French Economy Minister Bruno Le Maire on Tuesday said Paris would examine the possibility of reviving a pipeline project if it were given more details.
The comments came as German Chancellor Olaf Scholz and Spanish Prime Minister Pedro Sanchez met in Berlin to call for a new pipeline across the Pyrenees.
Such a measure could open new energy sources to Central and Northern Europe, but Paris has so far been cautious about it.
What are different governments saying?
Le Maire signaled that France was open to looking at the project, but that it needs more details.
"Spain and Germany are two close partners of France; if they make a proposal, we will examine it," Le Maire said in Paris.
France said earlier this month that new floating Liquified Natural Gas (LNG) terminals in northern and eastern Europe, especially Germany, would be a quicker and cheaper option than a new pipeline.
Scholz said in Berlin that the "current crisis" had made clear the importance of European cooperation on energy.
Sanchez told a joint news conference that Spain and Portugal — which could also be connected via the grid — were "ready to do everything possible to help the countries that currently suffer the most from dependence on Russian gas and [Russian President Vladimir] Putin's energy blackmail."
Madrid has long been pushing to revive the pipeline project. However, Spain has also said repeatedly that the project is of European importance and that it should be funded by Brussels.
In recent weeks, Spain and Germany's stance has become a lot closer, with Scholz saying a pipeline running through Portugal, Spain, and France to Central Europe was "conspicuously absent."
What are the arguments for and against?
Russia has, in the past, supplied about 40% of Europe's natural gas, mostly by pipeline. However, since Moscow invaded Ukraine, it has slashed flows to Germany, and completely cut supply to several European countries such as Bulgaria, Denmark, Finland, the Netherlands, and Poland.
Both Spain and Portugal have a large capacity to import gas through a total of seven LNG terminals, and via two pipelines to gas supplier Algeria.

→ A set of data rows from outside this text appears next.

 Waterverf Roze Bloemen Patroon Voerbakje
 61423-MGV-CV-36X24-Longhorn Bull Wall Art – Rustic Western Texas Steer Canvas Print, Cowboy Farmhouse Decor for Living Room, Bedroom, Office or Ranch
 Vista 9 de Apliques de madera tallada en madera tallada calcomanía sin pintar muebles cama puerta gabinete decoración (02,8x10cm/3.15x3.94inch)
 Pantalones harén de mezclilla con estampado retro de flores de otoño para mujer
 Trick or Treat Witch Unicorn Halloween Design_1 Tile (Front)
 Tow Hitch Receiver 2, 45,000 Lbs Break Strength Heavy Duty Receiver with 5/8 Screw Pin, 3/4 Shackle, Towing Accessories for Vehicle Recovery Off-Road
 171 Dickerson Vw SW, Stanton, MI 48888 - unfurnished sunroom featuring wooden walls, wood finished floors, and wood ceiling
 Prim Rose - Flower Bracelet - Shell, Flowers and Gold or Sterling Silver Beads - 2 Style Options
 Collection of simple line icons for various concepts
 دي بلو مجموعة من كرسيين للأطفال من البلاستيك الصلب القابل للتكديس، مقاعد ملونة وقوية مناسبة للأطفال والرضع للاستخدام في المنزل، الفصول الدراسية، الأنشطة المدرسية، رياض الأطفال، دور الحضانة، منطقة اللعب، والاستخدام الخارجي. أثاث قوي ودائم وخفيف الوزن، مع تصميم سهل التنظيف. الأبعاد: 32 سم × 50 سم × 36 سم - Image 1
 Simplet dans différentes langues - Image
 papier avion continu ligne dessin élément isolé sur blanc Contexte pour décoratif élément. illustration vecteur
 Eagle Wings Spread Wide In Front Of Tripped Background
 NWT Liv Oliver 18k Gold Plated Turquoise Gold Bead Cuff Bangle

A link to France could make those energy sources available to Germany and other countries in Central Europe.
The Midcat pipeline could serve that purpose. It already runs part of the way from Barcelona to a connecting point with the French gas grid in southern France.
However, the project was shut down in 2019, having been deemed unprofitable by French regulators.
At present, only two smaller gas pipelines run from Spain into France, but they both have limited capacity.
However, France — which relies heavily on nuclear power for its electricity generation — has been wary of reviving the project. It says the link would also take too long to complete to respond to the current crisis.
Spanish Energy and Environment Minister Teresa Ribera on Monday chided France for its apparent reluctance to back the project.
"It's not a bilateral issue between Spain and France," said Ribera in an interview published in Spanish daily El Mundo. "It's about the European project. I wonder where is France's European ideal."